=== MATERIAL TO PROCESS ===
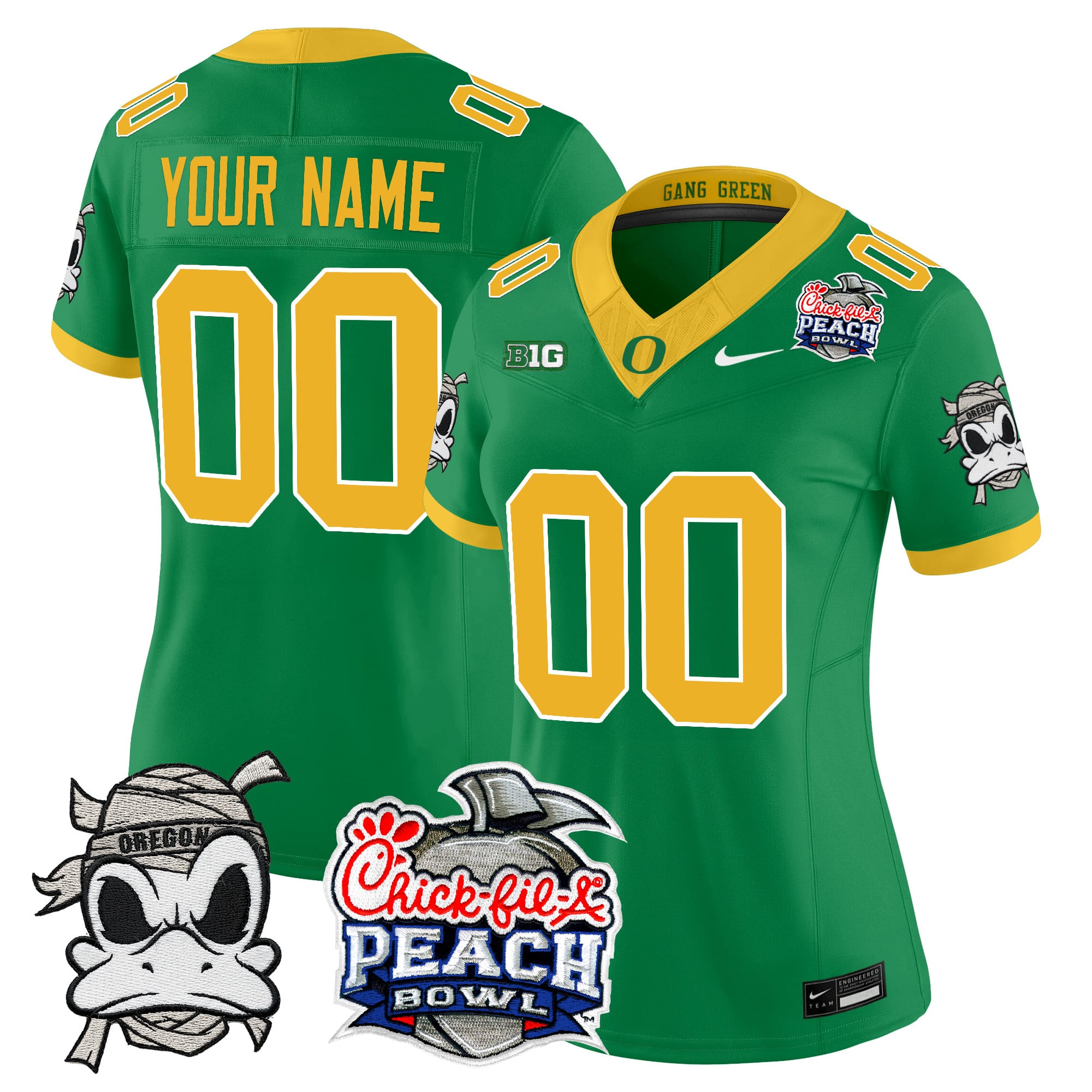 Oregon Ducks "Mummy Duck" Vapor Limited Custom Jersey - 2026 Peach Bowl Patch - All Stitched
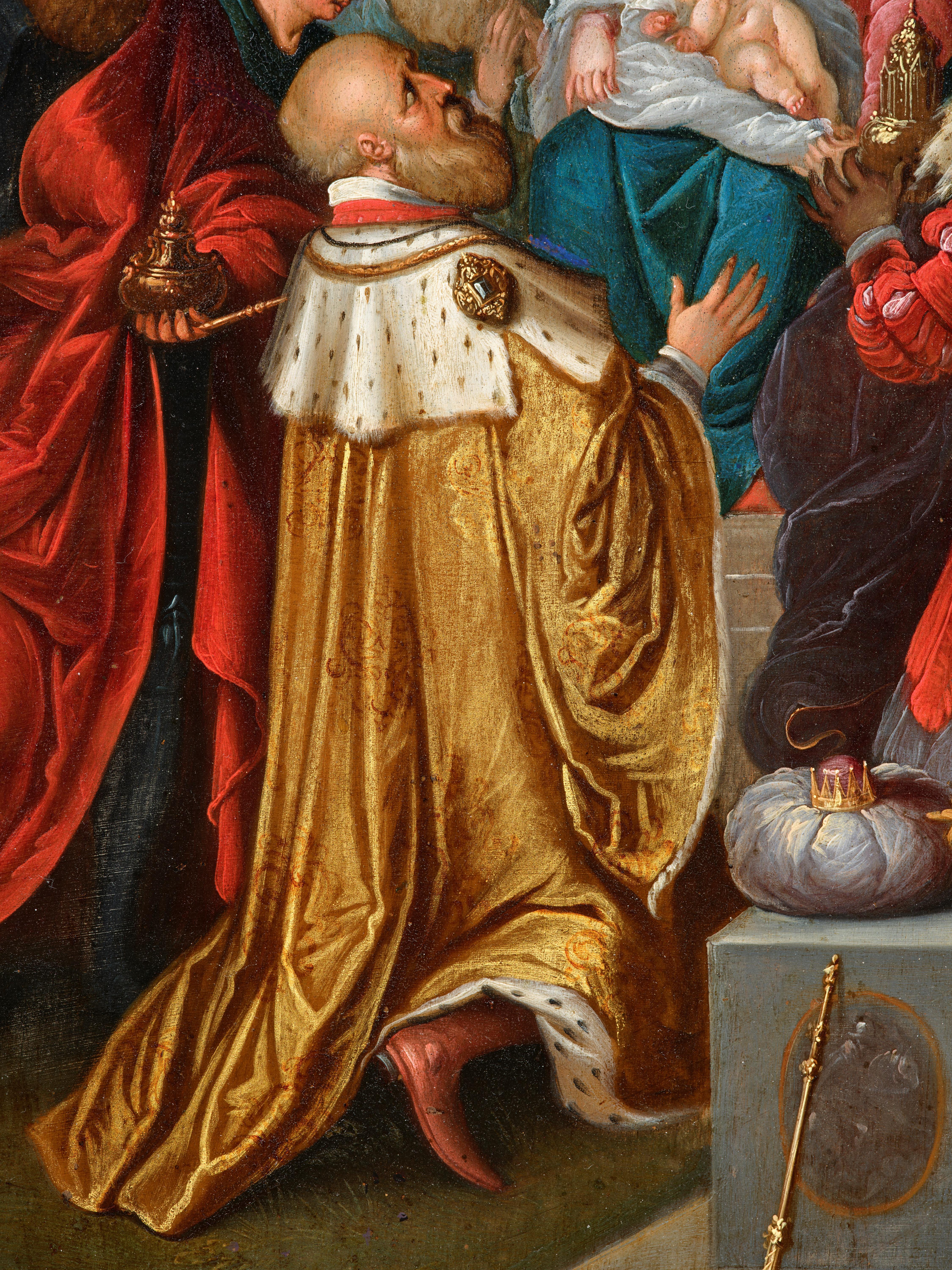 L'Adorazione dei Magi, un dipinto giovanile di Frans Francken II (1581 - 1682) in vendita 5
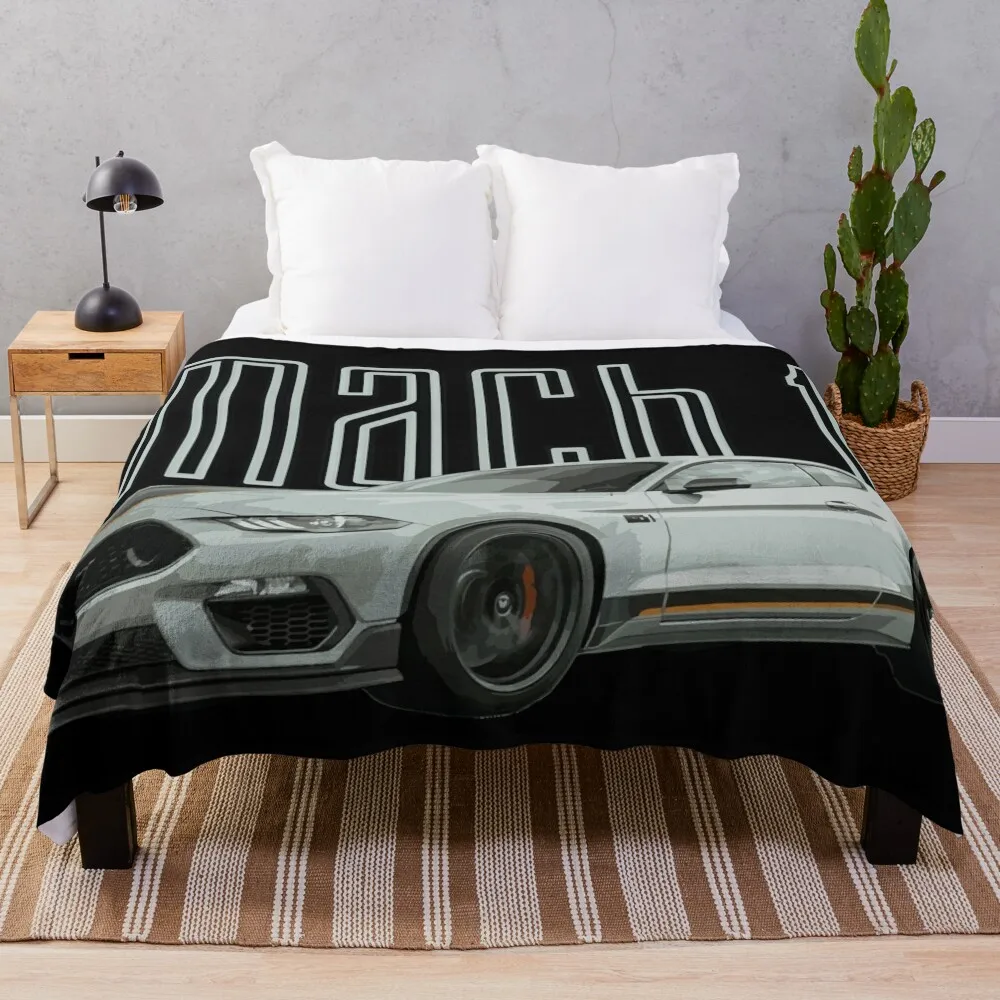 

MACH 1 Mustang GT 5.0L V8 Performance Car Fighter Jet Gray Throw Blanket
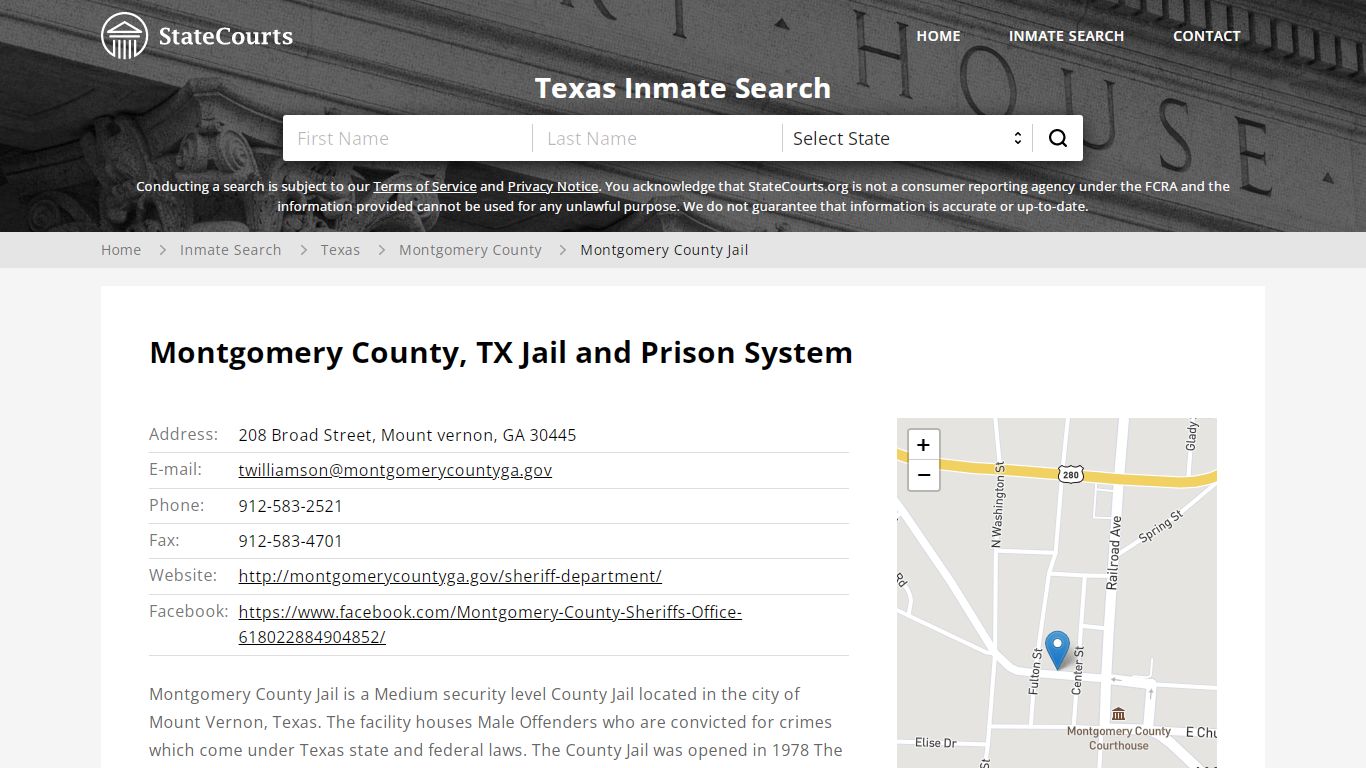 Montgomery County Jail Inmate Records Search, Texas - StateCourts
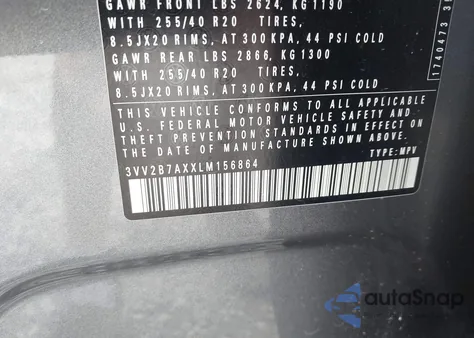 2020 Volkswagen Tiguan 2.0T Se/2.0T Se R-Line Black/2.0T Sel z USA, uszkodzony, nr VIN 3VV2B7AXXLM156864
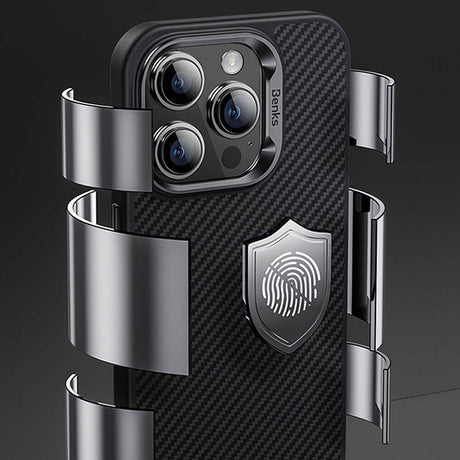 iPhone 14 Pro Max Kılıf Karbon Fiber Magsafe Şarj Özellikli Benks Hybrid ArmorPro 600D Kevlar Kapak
===
Everything from the line with "2020 Volkswagen Tiguan" through the end of the records above, both ends included, is to be reproduced exactly, and nothing outside that span; the pictures are to be dropped.

# EXERCISE RESULT
 2020 Volkswagen Tiguan 2.0T Se/2.0T Se R-Line Black/2.0T Sel z USA, uszkodzony, nr VIN 3VV2B7AXXLM156864
 iPhone 14 Pro Max Kılıf Karbon Fiber Magsafe Şarj Özellikli Benks Hybrid ArmorPro 600D Kevlar Kapak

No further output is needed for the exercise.